You can make your transit look strange, have bumps and wiggles, maybe even the New York City skyline—whatever you want.

Savvy extraterrestrial scientists could use a deformed transit as a beacon to announce their existence (see Figure 2). By Kipping’s hypothesis, ETI no longer required planet-size megastructures, such as a rotating triangle or louvres, to produce unnatural transit signatures.

Figure 2. Laser Doodles
Going from top to bottom: (i) An unperturbed transit showing how a star dims slightly when an orbiting planet passes in front of it. (ii) A transit showing different shapes due to a laser array aimed toward an observer. This example shows the New York City skyline. (iii) The ideal beacon would be a square. This is a simple shape that would never occur naturally (yay limb darkening) and would require a laser only at ingress and egress.  Source: David Kipping

The reader is left with many questions and a sense of unease given all the assumptions. The ETI in question is apparently aware of all habitable planets in its ecliptic plane and capable of generating an array of lasers to block its transit. This is an act in vain if said planets use other techniques (i.e. direct imaging or radial velocity) to detect said planet. Kipping et. al. acknowledge this:

Transits are not the only method to discover planets and thus a truly xenophobic civilization may conclude that even a perfect and chromatic transit cloak would be ultimately defeated by observation of the planet using radial velocities. In this sense, the biocloak is perhaps the most effective strategy since certainly the transit and radial velocity measurements would appear compatible. However, even here, direct imaging would reveal a strong discrepancy in terms of the atmospheric interpretation and thus overcome the cloak.

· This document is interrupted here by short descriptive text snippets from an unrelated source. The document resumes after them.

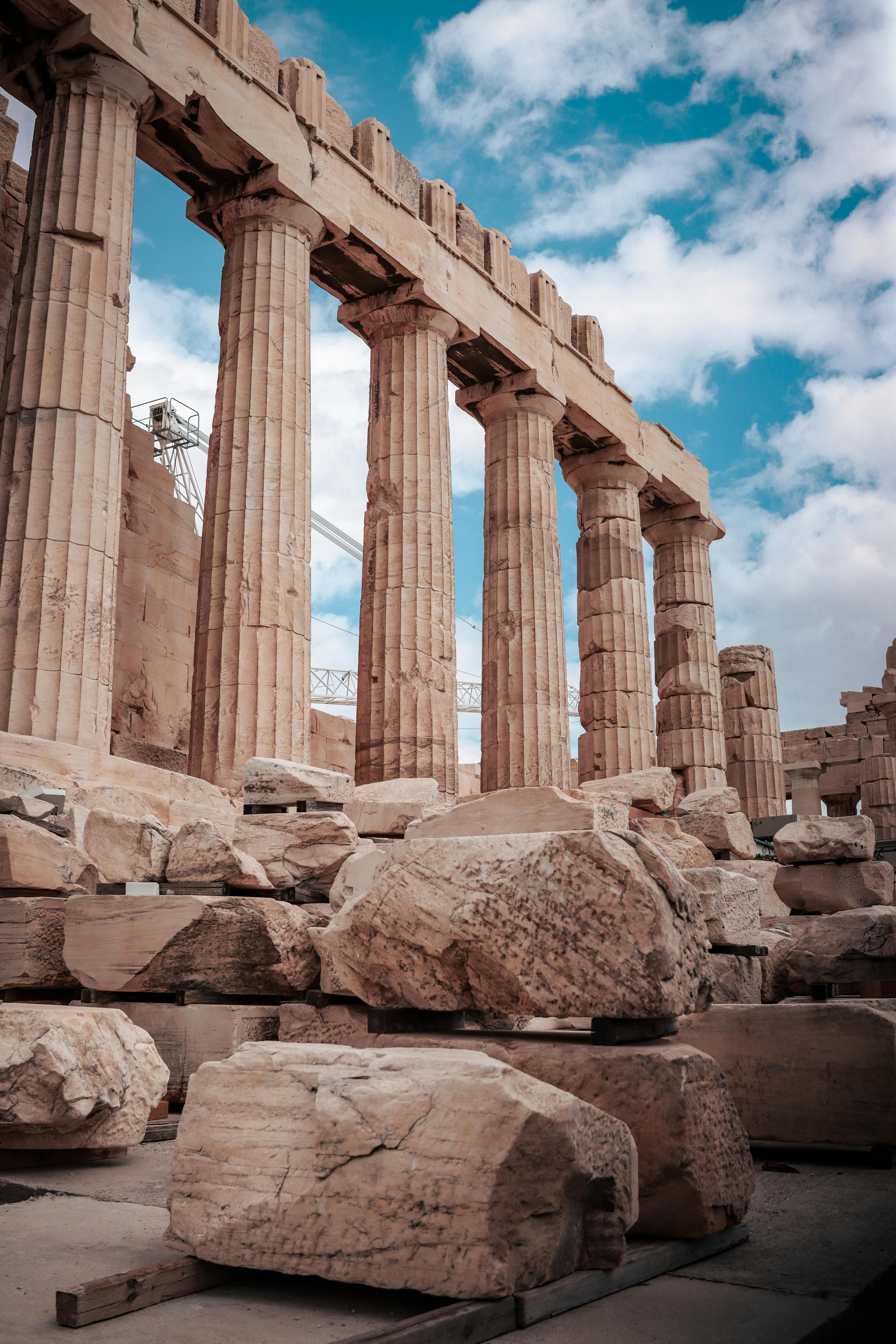 iconic parthenon ruins against blue sky in athens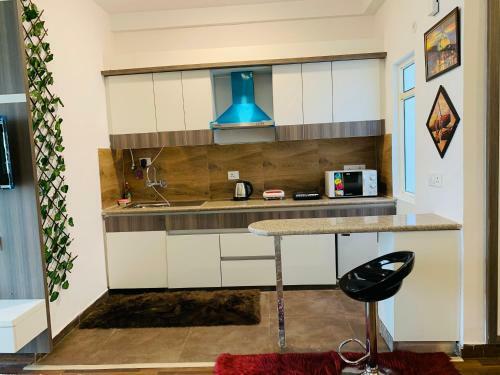 Apartamento The Vogue Square Near India Expo Mart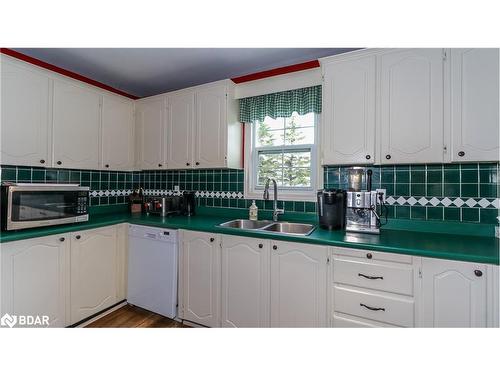 1743 Golf Course Road, Springwater, ON - Indoor Photo Showing Kitchen With Double Sink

A large part of this paper was to discuss how a transit could be cloaked, only to have that entire hypothesis appear to be an act in vain. The discussion on broadcasting with a strange transit signature is not fundamentally new. This blogger is left pondering the purpose of this paper. The authors themselves have dismissed the efficacy of cloaking and suggest we search for strange transits, something proposed by Arnold a decade earlier. Even if one were to assume cloaking to be efficient, SETI has predominantly concerned itself with civilizations indifferent to outside observers. After all, one could always invoke any arbitrary set of conditions or technology that would make a civilization impossible to detect. While the method of using lasers is novel, the rest of the paper reminds astronomers to search for strange transit signatures. Believe this requires strong priors and an indifference to all the assumptions. Kipping himself expects detections “on the order of a few dozen” and this blogger wishes him the best in his future endeavors.